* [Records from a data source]
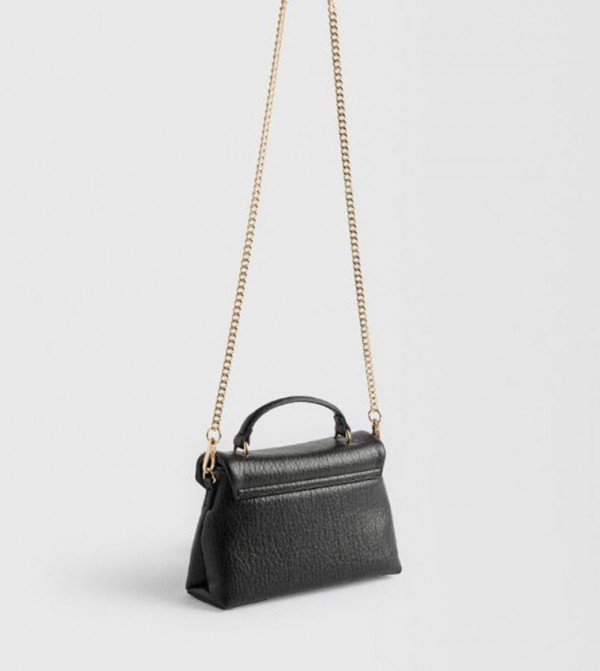 بارفواه بارفواه - أسود Handheld Bags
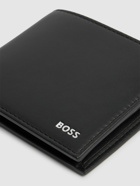 BOSS Randy Leather Wallet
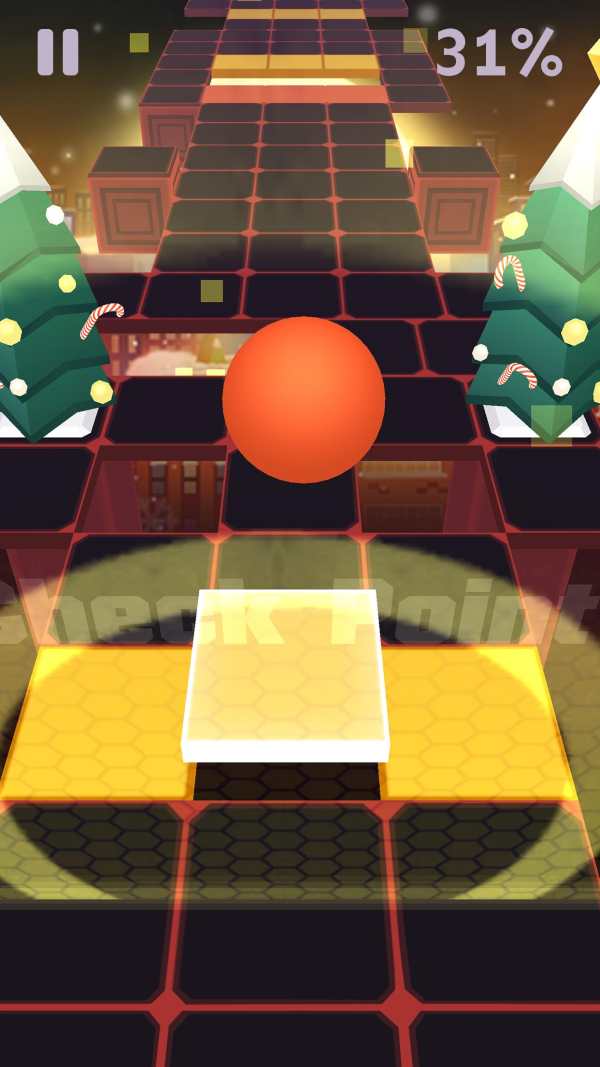 Rolling Sky screenshot 8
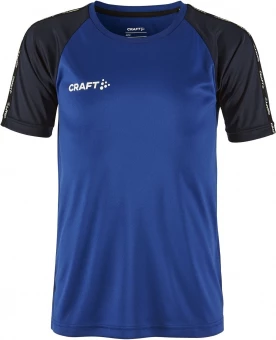 Squad 2.0 Contrast Jersey Jr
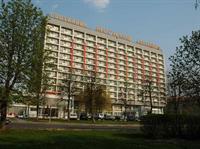 Mogilev Hotel Exterior photo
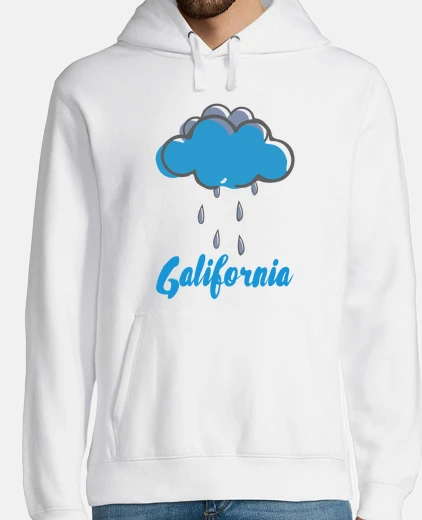 Sudadera Galifornia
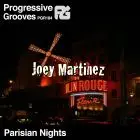 Joey Martinez - Parisian Night (Original Mix) 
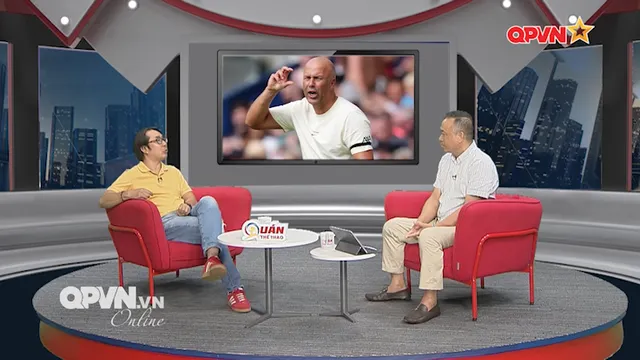 Quán thể thao - Số 146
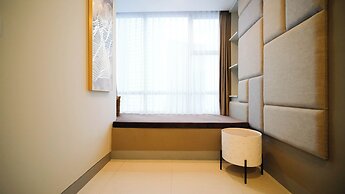 Simple 2Br Connected To Mall At Anderson Supermall Mansion Apartment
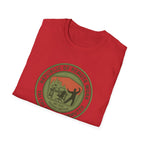 Republic of Remote Work T-Shirt
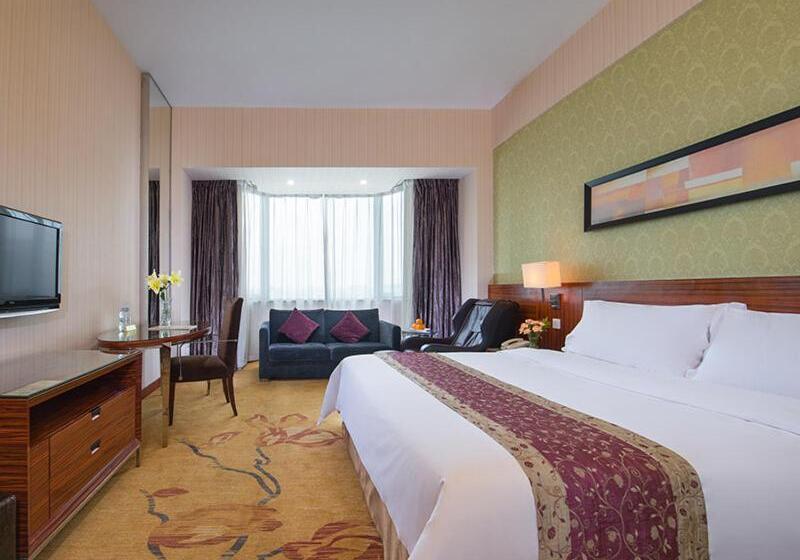 Fotos del hotel Vienna International Hotel  Foshan Haiyue Branch:  9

* [Task item] Nothing but the lines from the line containing "Joey Martinez - Parisian" to the end of the records above should be repeated, exactly and with every picture omitted.

* [Your response]
 Joey Martinez - Parisian Night (Original Mix) 
 Quán thể thao - Số 146
 Simple 2Br Connected To Mall At Anderson Supermall Mansion Apartment
 Republic of Remote Work T-Shirt
 Fotos del hotel Vienna International Hotel  Foshan Haiyue Branch:  9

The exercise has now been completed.